(Stored items)
════════
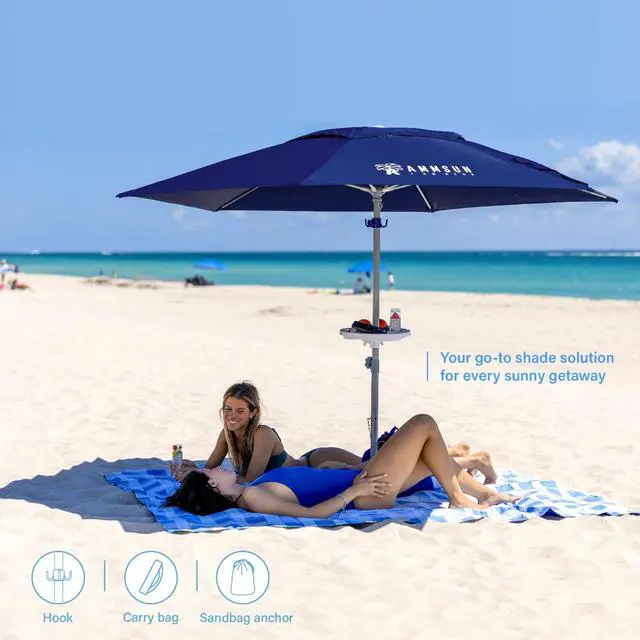 Alt view image 2 of 7 - 8ft Large Beach Umbrellas for Sand Heavy Huty Wind Portable Commercial Grade Patio Beach Umbrella with Sand Anchor Hanging Hook Weight Sandbag Adjustable Height Air Vent UPF 50+ Telescoping Pole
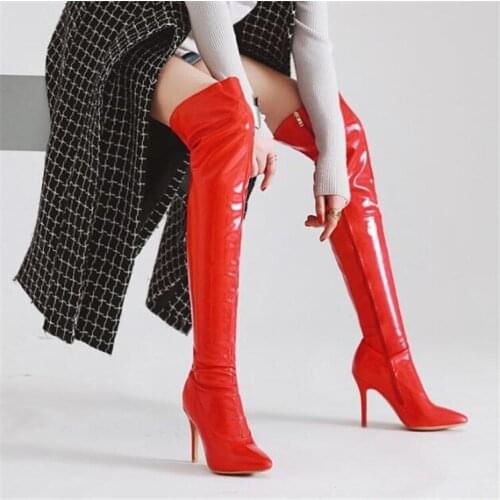 PXELENA Chic Women Thigh High Boots Stiletto High Heels Patent Leather Nightclub Pole Dance Women Over The Knee Boots Sexy Shoes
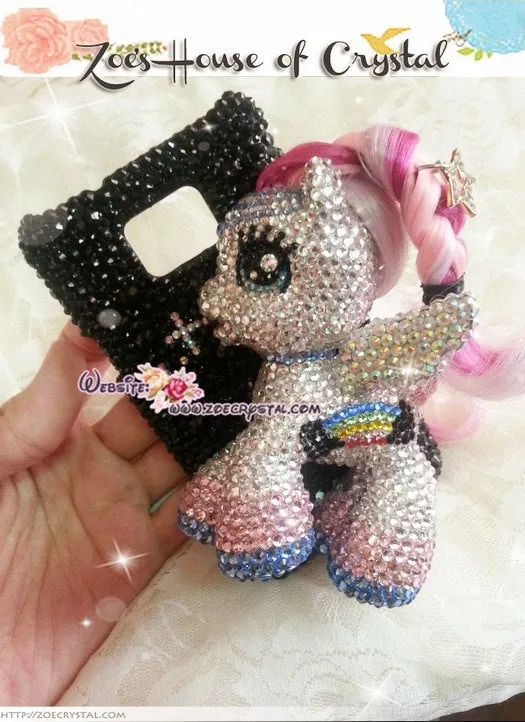 Czech/ Swarovski Cool My Little Pony / Little PEGASUS 3D Crystal BLING Cell Phone Case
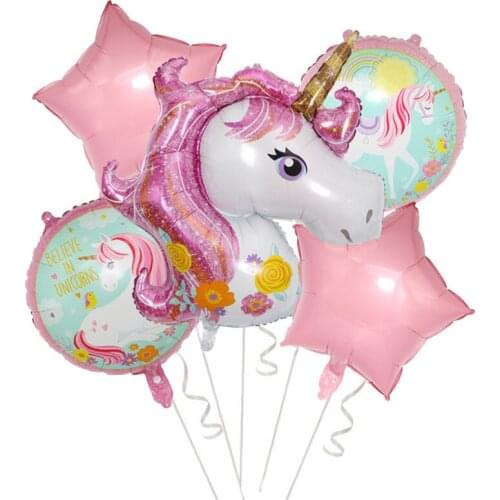 5 unids/lote nuevo unicornio Ballon cumpleaños fiesta suministros boda decoraciones Arco Iris 18 pulgadas Big balloon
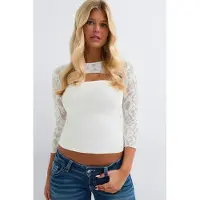 Gina Tricot  - 14+ lace top - topit - Valkoinen - XXS - Naiset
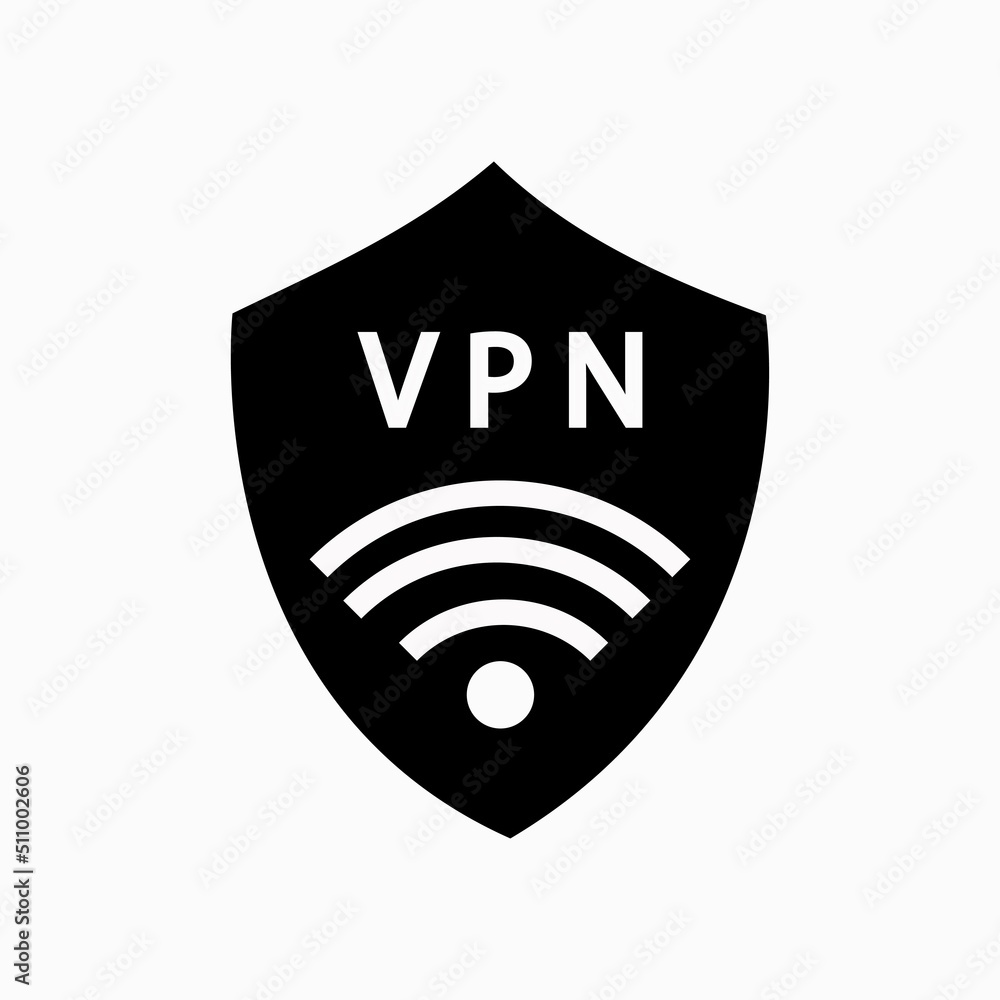 Poster vpn - virtual private network icon. simple shield with wi-fi symbol. outline modern design element. 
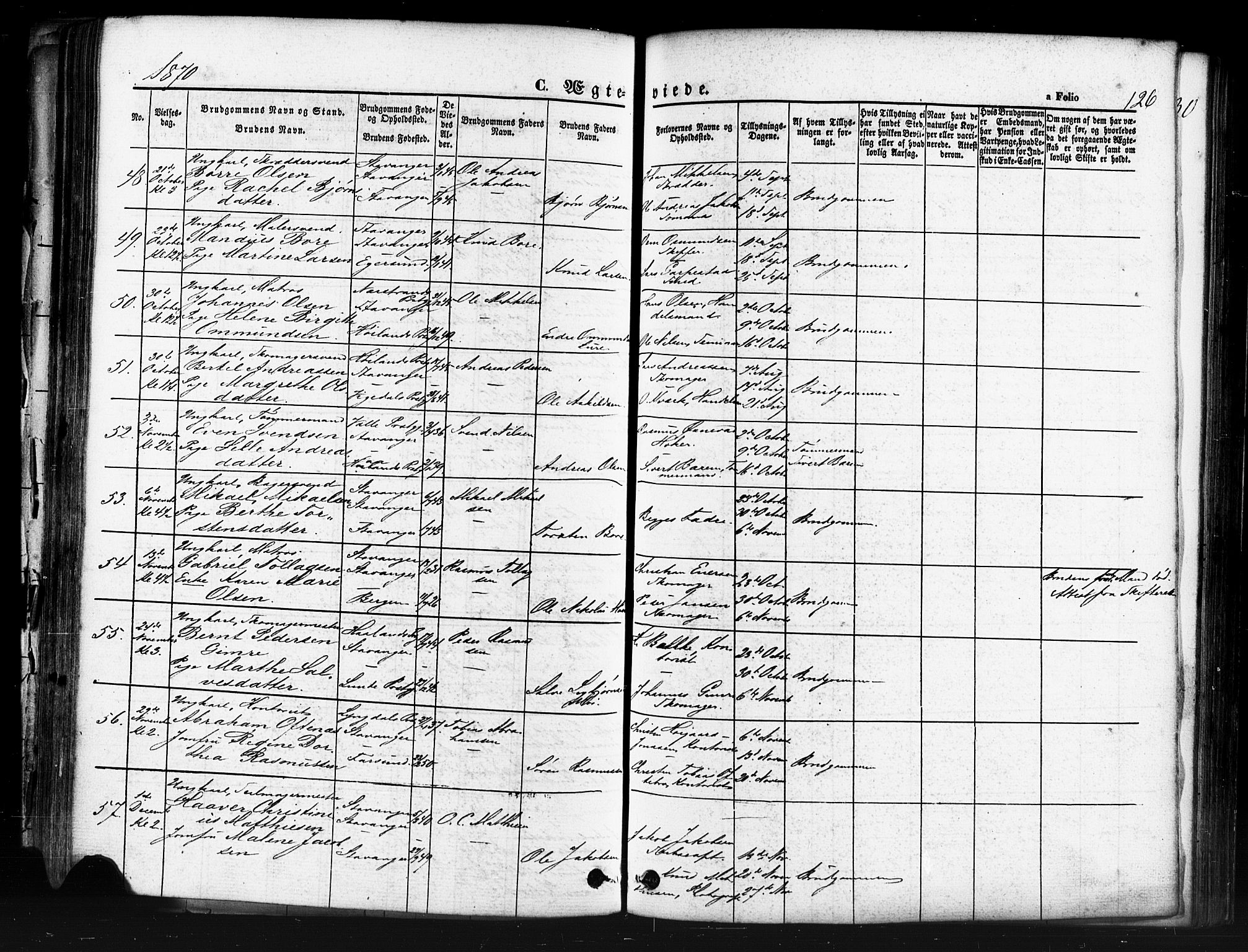 Domkirken sokneprestkontor, AV/SAST-A-101812/001/30/30BB/L0011: Parish register (copy) no. B 11, 1858-1876, p. 126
════════
Write out exactly the lines from the one that contains "PXELENA Chic Women" through the last line of the data above, both included. Leave every picture out.

 PXELENA Chic Women Thigh High Boots Stiletto High Heels Patent Leather Nightclub Pole Dance Women Over The Knee Boots Sexy Shoes
 Czech/ Swarovski Cool My Little Pony / Little PEGASUS 3D Crystal BLING Cell Phone Case
 5 unids/lote nuevo unicornio Ballon cumpleaños fiesta suministros boda decoraciones Arco Iris 18 pulgadas Big balloon
 Gina Tricot  - 14+ lace top - topit - Valkoinen - XXS - Naiset
 Poster vpn - virtual private network icon. simple shield with wi-fi symbol. outline modern design element. 
 Domkirken sokneprestkontor, AV/SAST-A-101812/001/30/30BB/L0011: Parish register (copy) no. B 11, 1858-1876, p. 126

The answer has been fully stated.